It would be a case of I cede these 10 square metres of dust and rubble to you Fanatics, good luck and goodbye.

I do feel that there is a patriarchal element to it in that boys are told you will grow up and become master of your house and your children and wife/wives will obey you without question.
How would you get out? Most people in the world live hand to mouth and if they make a choice to leave they effectively instantly become homeless. They go into certain danger that way too. Indeed if I, a very lucky person living in the affluent modern West, had to flee for some reason I would pretty quickly also be homeless having not that much longer term resources in the bank. Imagine how it is for subsistence farmers.

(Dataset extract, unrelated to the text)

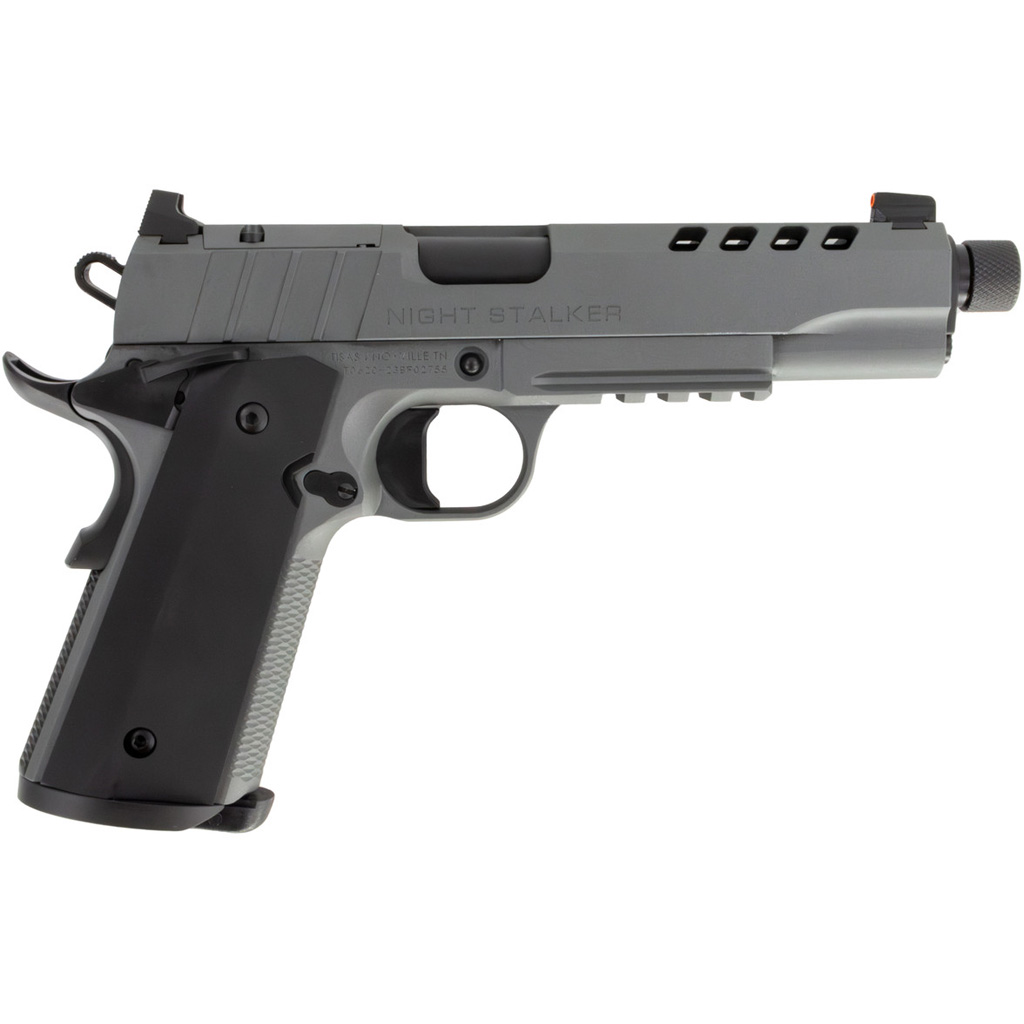 SDS Night Stalker 1911 Pistol 9mm 5 in. Grey Threaded Barrel 8 rd.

Usually the wealthy can get out, the rest are carrying their belongings on their back and camping in cheap tents in the city parks. They are trying to get away, but it is a sticky web.

As for people for whom the ideology appeals in that they can become masters of chattels I think it might have to do with an intellectual deficit. This is just an idea, so I don't know. (I would have to say there is a similar imprint if a person buys sex from a trafficked person - just not caring about the other as a human being.) These Taliban are not bright people in the rank and file, who can succeed in business or education or etc. So put a powerful gun in their hands and tell them they are lord of all they wish to take, it must be appealing to people who would otherwise be nothing.

We should not be leaving things to unfold as they are. This is why we are supposed to have supra national organisations like peacekeeping forces.

Could not believe Psaki, Bidens press secretary, saying yesterday that the Taliban "has to make an assessment of what they want their role to be in the international community". Really?! Wtf. These are marauding murdering rapists on a national scale.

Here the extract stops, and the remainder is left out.